After losing ground in 2008, 2011 and 2015, North American equity markets moved higher in the second half of 2016, and buy and hope has become popular again. Nine years since the last cyclical bear market began however, the next is overdue, and would-be investors should be risk-averse and cautious. Instead, most participants have become complacent, willfully blind and unduly confident once more.
As pointed out by Peter Boockvar this month, the current spread of 61.2% of bulls in the weekly Investors Intelligence Survey versus bears of just 17.5%, has only been seen a few times over the past few decades, all at, or near, cycle tops.
The truth is that, typical of previous secular bear periods, over the past 20 years, markets have spent most of their time making back cycle losses, rather than making net gains. And therein lies the rub of massive overvaluation periods. We can buy and hope, but we can’t make back the time and angst wasted in our efforts to grow our savings.

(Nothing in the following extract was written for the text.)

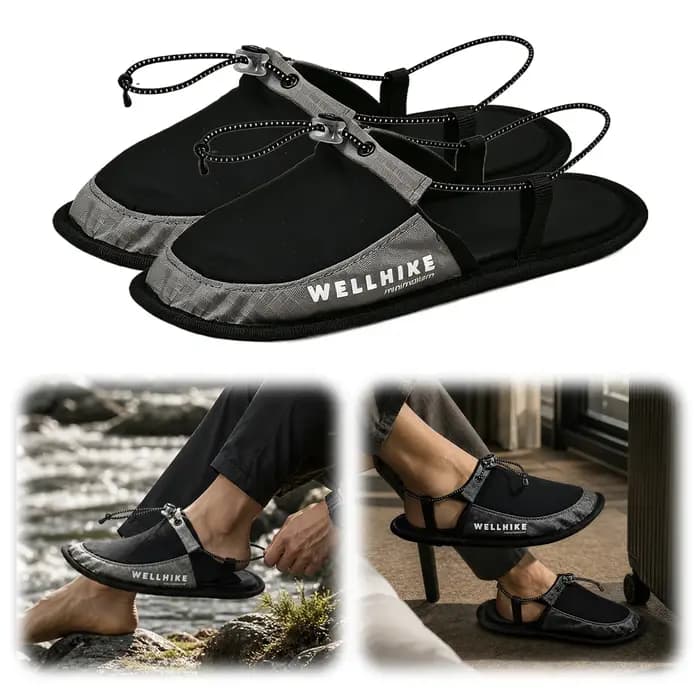 Chaussures de camping ultralégères pour hommes et femmes, pantoufles de camping à séchage rapide, pantoufles de plage pour le yoga, la randonnée en rivière, le lac et le kayak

Here is a snapshot of the Canadian TSX since 2008, prices spent the entire 8 years to October 2016 within the red box, just trying to recover prior cycle losses. And even this poor performance took 8 years of unprecedented policy intervention and trillions in central bank injections, to coax. The next plunge into the red, will take prices back below 2008 levels once more. Then what help will buy and hold strategies and products boast?
Next is a similar look at the S&P 500 since 2007. This red box highlights the 5 1/2 year period from October 2007 to April 2013 which holders had to waste, trying to make back the 2007-09 cycle losses. Again, another dip into the red box is now overdue. And with holders 10 years older than in 2007, they will have even less time and patience to wait for the next recovery after that. Making matters worse, asset prices typically take a full 10-20 years to reclaim their previous cycle peak once a secular bear has completed. This means that the market peaks of 2007 and 2016, may not be revisited until 2027, or even later.
Beware of all the passive managers, funds and ETFs, boasting of long always strategies again today as they did in 2000 and 2008 They are due to look dumb and reckless once more.